See our last posts on Kazakhstan, Russia and the Great Game for Central Asia.

  1. “Police despotism”
    From AlJazeera, May 24:

    A television controlled by the Kazakh president’s son-in-law has been taken off the air by authorities, according to a local news agency.

    Thursday’s move came just a day after Nursultan Nazarbayev, the Kazakh president, ordered investigations into Rakhat Aliyev on charges of corruption.

    The Kazakhstan Today news agency, also controlled by Aliyev, said authorities had taken the KTK channel off the air and shut down another of his assets, the Karavan newspaper.

    Aliyev is a powerful politician and businessmen who is married to Nazarbayev’s eldest daughter, Dariga Nazarbayeva.

    Kazakhstan Today said both suspensions were due to violations in Kazakh law and applied for three months.

    Police and the general prosecutor’s office were not available for comment.

    “This is complete lawlessness,” Karavan chief editor Alexander Shukhov told Kazakhstan Today.

    “We are dealing with the fact of police despotism which is on the brink of a police coup.”

    Abduction charges

    Aliyev, Kazakhstan’s ambassador to Vienna, has not been available for comment. The Kazakh embassy in Vienna has declined to comment on the matter.

    On Wednesday police were ordered to investigate Aliyev on suspicion of kidnapping two senior officials of a bank he owned.

    Analysts said the move was part of Nazarbayev’s bid to tighten control in the oil-rich Central Asian state.

    Earlier in the week he signed constitutional amendments that paved the way for him to stand for election as many times as he wanted and theoretically become president for life.

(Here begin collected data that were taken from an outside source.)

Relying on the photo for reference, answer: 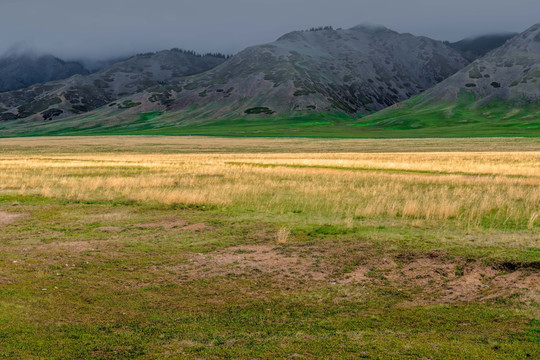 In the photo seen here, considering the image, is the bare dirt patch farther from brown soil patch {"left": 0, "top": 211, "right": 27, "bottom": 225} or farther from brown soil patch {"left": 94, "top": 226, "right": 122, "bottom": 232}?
brown soil patch {"left": 0, "top": 211, "right": 27, "bottom": 225}

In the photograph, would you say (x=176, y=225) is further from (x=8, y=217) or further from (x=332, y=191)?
(x=332, y=191)

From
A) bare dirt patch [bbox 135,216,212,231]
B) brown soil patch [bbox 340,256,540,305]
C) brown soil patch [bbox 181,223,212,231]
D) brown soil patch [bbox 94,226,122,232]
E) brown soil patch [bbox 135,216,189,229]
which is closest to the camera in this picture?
brown soil patch [bbox 340,256,540,305]

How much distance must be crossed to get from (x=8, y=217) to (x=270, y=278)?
15703mm

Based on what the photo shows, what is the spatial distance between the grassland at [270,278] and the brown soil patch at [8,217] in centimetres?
9

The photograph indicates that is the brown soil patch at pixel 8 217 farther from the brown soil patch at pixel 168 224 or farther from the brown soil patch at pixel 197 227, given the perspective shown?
the brown soil patch at pixel 197 227

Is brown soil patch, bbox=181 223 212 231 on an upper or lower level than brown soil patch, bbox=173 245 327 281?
upper

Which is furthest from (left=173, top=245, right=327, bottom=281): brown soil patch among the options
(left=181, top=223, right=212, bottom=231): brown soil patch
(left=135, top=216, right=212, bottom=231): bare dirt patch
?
(left=135, top=216, right=212, bottom=231): bare dirt patch

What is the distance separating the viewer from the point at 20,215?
24.1 m

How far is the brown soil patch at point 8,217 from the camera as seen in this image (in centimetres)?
2244

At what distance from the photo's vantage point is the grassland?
9.67 m

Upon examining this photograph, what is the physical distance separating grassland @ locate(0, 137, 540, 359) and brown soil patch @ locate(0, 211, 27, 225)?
0.09 metres

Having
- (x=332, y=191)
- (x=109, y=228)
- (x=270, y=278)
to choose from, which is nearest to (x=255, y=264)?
(x=270, y=278)

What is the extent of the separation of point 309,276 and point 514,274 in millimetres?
5793

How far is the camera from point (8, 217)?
77.0 feet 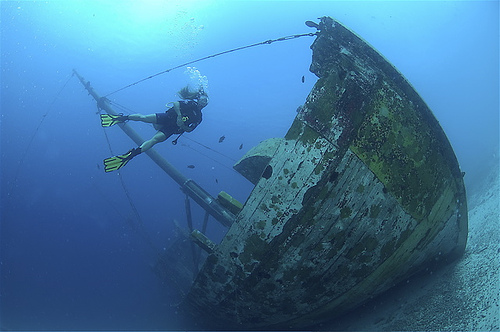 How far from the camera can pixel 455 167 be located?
3.05 metres

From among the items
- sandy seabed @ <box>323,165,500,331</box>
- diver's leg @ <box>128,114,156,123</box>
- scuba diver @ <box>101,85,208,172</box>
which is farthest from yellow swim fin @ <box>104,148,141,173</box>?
sandy seabed @ <box>323,165,500,331</box>

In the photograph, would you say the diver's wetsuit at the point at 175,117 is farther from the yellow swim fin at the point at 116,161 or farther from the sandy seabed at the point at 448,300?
the sandy seabed at the point at 448,300

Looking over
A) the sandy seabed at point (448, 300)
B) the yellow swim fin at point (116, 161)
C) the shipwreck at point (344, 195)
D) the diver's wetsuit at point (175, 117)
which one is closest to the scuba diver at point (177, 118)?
the diver's wetsuit at point (175, 117)

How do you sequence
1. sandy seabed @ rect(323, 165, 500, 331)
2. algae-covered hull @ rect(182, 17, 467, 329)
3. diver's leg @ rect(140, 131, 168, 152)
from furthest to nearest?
diver's leg @ rect(140, 131, 168, 152), algae-covered hull @ rect(182, 17, 467, 329), sandy seabed @ rect(323, 165, 500, 331)

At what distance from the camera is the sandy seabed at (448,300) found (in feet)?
7.72

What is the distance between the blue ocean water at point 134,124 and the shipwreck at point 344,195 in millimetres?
7311

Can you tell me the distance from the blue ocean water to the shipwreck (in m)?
7.31

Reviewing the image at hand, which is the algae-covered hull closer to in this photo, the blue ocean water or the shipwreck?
the shipwreck

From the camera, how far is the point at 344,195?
266cm

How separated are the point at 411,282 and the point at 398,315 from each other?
2.40ft

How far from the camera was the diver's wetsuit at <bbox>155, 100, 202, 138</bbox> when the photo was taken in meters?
4.91

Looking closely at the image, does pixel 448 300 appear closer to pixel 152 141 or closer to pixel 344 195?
pixel 344 195

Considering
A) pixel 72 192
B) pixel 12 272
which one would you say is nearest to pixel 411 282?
pixel 12 272

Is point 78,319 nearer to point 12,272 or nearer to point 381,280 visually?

    Aliyev has previously suggested that Kazakhstan could become a monarchy and has been seen as a rival to Nazarbayev, where clan divisions often dominate politics.

    His wife, Nazarbayeva, is a powerful figure in her own right, controlling the state’s biggest media holding and has also been seen as potential successor to her father.

    Separately on Thursday, police detained Sergei Duvanov, an independent journalist, for protesting on the main square of the financial capital Almaty against this week’s constitutional amendments.

    Duvanov has frequently been arrested by authorities and convicted on a rape charge that he claims was trumped up by authorities.

    1. Son-in-law busted
      From ITAR-TASS, June 4:

      Former Kazakh ambassador Rakhat Aliyev, who was seized in Vienna on Friday, has been released on a bail of one million euros.

      It is necessary to pay the bail within eight days.

      The son-in-law of Kazakh President Nursultan Nazarbayev has been charged with abductions, extortion and forgery of documents. Kazakhstan demands his extradition. The ex-ambassador says he is not guilty and explains the extradition request with political factors.

      Aliyev’s business partner was detained in Austria on Friday. Kazakhstan wants his extradition, as well.

      A representative of the Austrian authorities told Itar-Tass he did not know what would happen to the other detainee, but he also might be released on bail.

      He said court hearings on the extradition request might take long and they have no right to keep people in custody for an indefinite period without weighty reasons. Naturally, there is a possibility of escape, but the judge has decided that the bail would be a strong enough collateral, he said.

      The official found it difficult to say where Aliyev is staying now. He may be still at a hospital room, where he was taken soon after the arrest because of a heartache.

      A day of court hearings on the extradition request has not been set. Representatives of Kazakhstan will not have to attend the hearings, the official said.

      Kazakh authorities asked for the extradition of Aliyev on Wednesday. According to Austrian authorities, the request mentioned another six people, including employees of the Kazakh embassy who maintained close contacts with the former ambassador.